INSTRUCTIONS FOR THE TASK: Please transcribe, word for word, only the lines from the one containing "Lobby, Palazzo Gallery, Florence" through the last line of the records below, both included, and leave out every picture.

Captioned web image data
+ + + + + + +

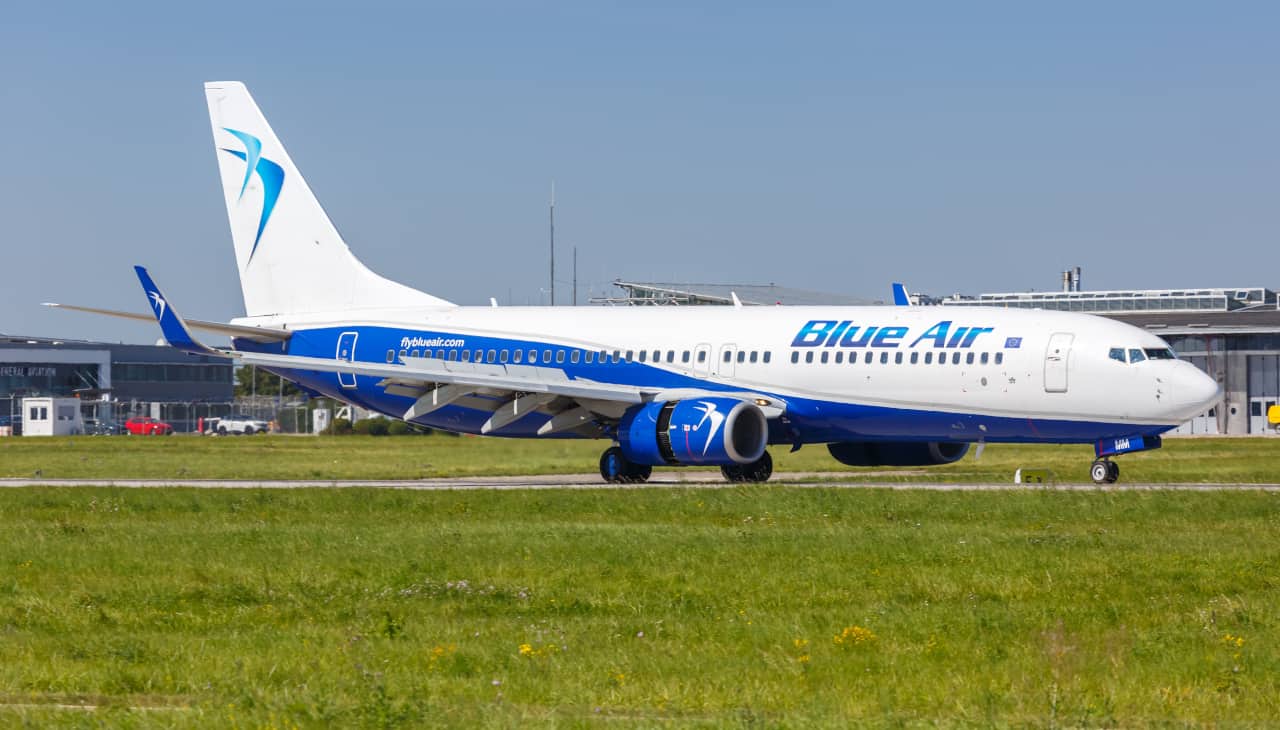 blue air sospende voli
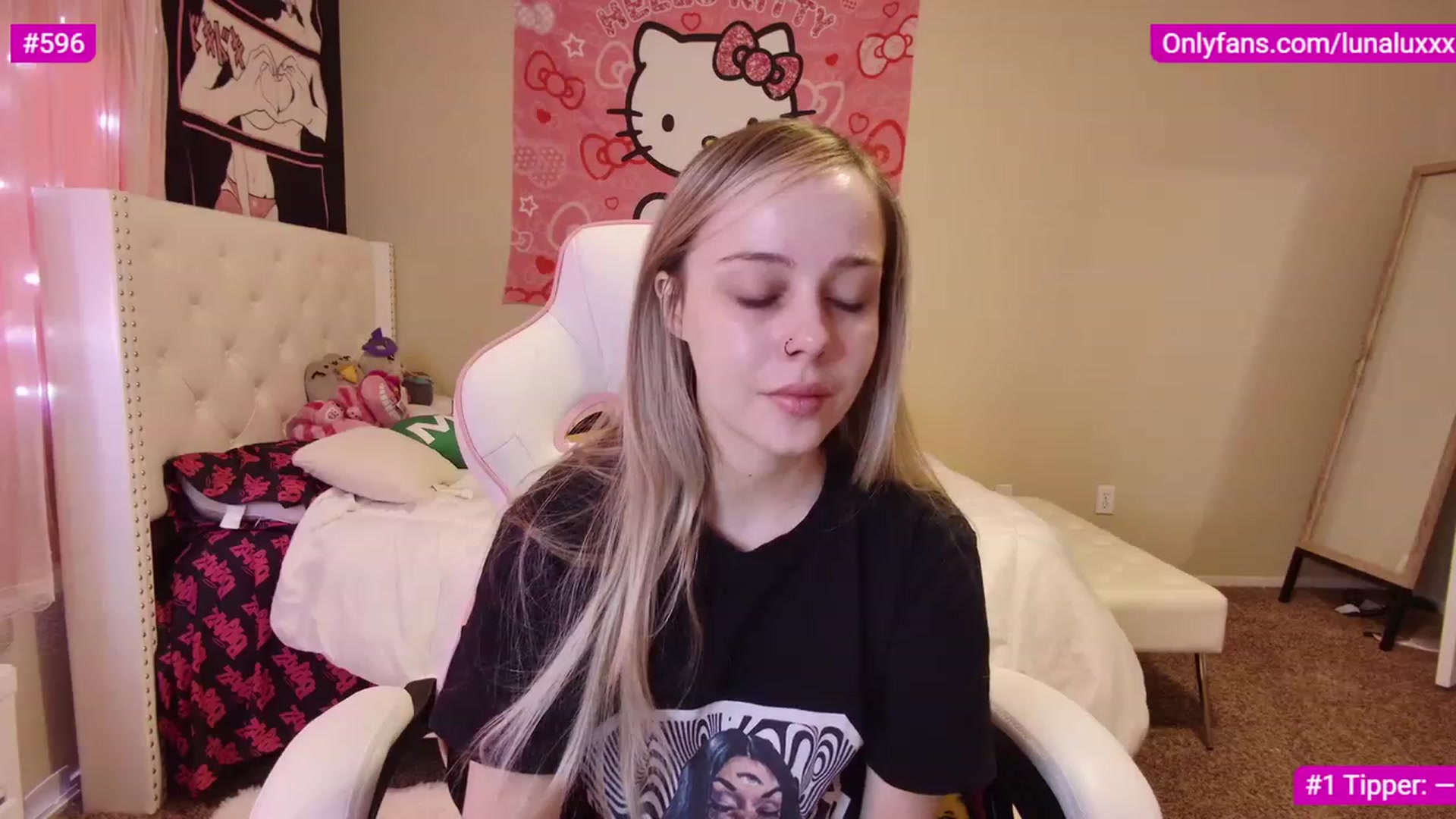 Gallery image thumbnail from lunalovelyy's myfreecams stream on, 02/06/2023, 18:54 image 5 of 20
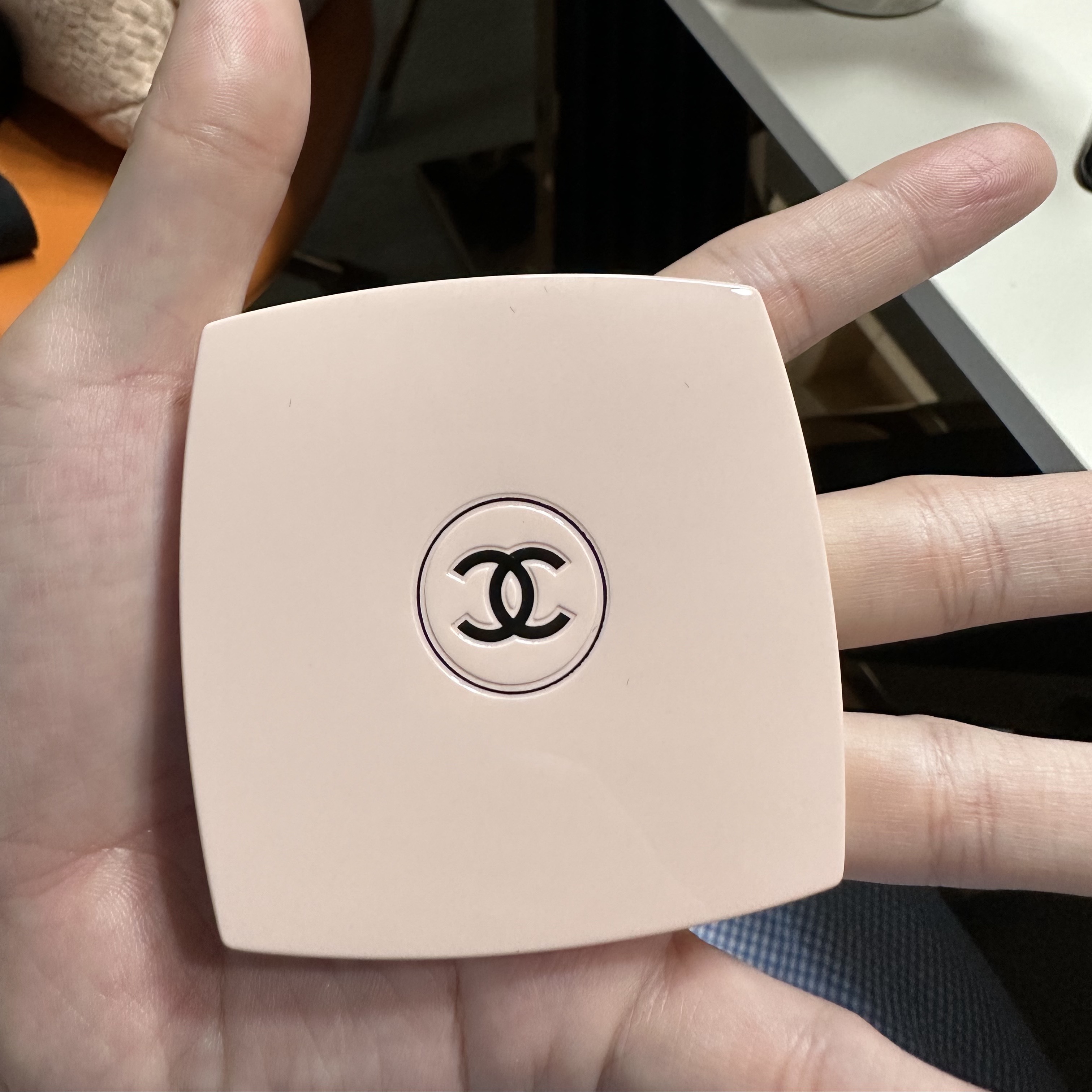 Chanel Codes Couleur Limited Edition Miroir Double Facettes 135 Immortelle, Chanel Codes Couleur Limited Edition Miroir Double Facettes 111 Ballerina 착용 스타일 - 2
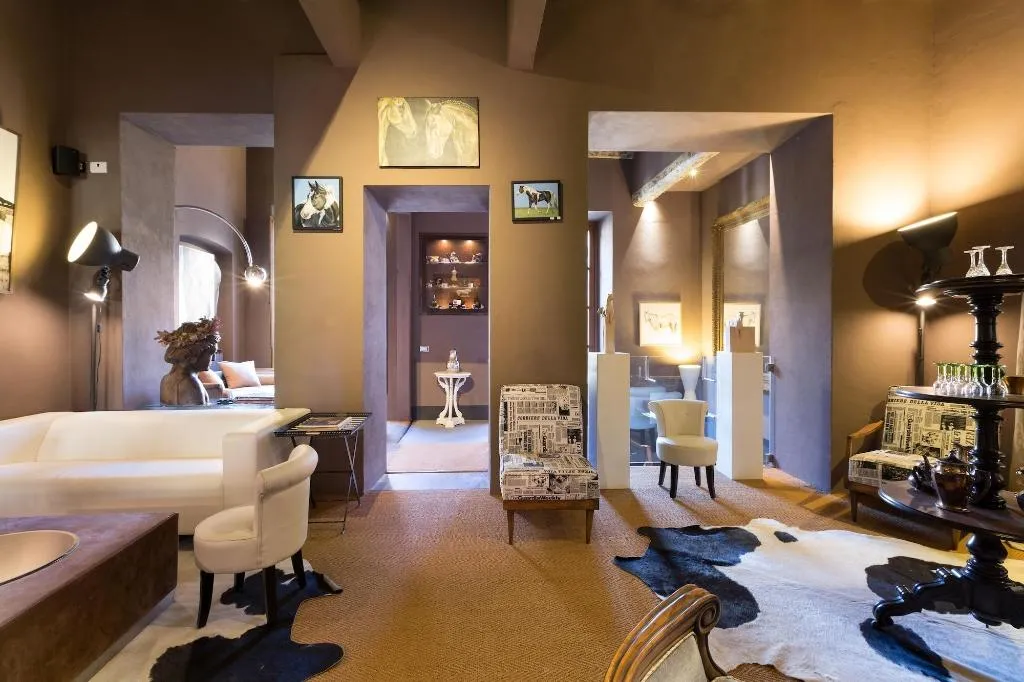 Lobby, Palazzo Gallery, Florence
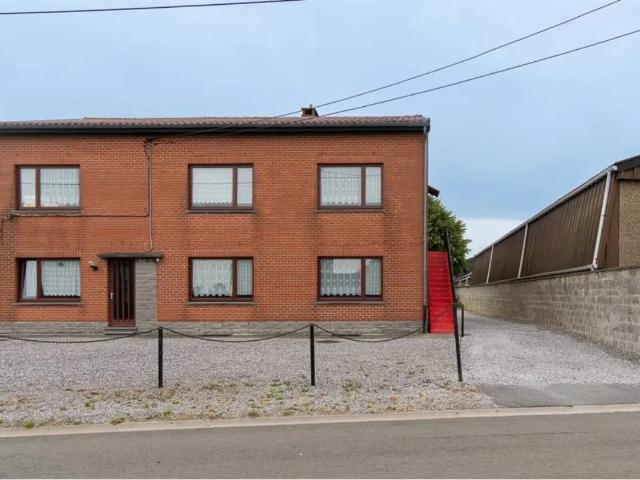 Local Commercial vente à Anderlues, Wallonie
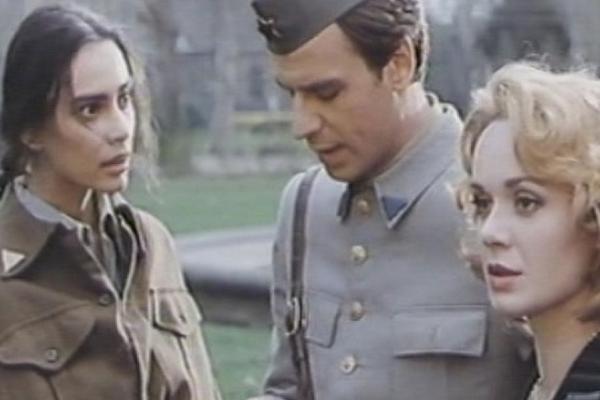 Uzdrmala je Jugoslaviju golim scenama sa devojkom, predviđali su joj sjajnu karijeru - a onda je nestala! (FOTO)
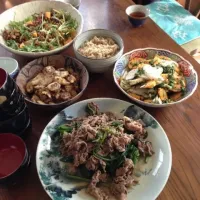 今日の茶葉料理Part３！牛肉の茶ぶ茶ぶサラダ。ボリューミーかつアッサリで、あっという間に無くなってしまいました-_-b|keiichiさん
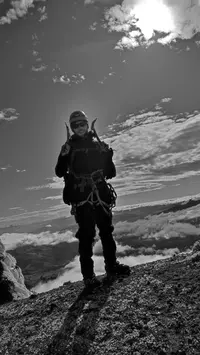 Expedición en alta montaña andina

+ + + + + + +

EXERCISE RESULT:
 Lobby, Palazzo Gallery, Florence
 Local Commercial vente à Anderlues, Wallonie
 Uzdrmala je Jugoslaviju golim scenama sa devojkom, predviđali su joj sjajnu karijeru - a onda je nestala! (FOTO)
 今日の茶葉料理Part３！牛肉の茶ぶ茶ぶサラダ。ボリューミーかつアッサリで、あっという間に無くなってしまいました-_-b|keiichiさん
 Expedición en alta montaña andina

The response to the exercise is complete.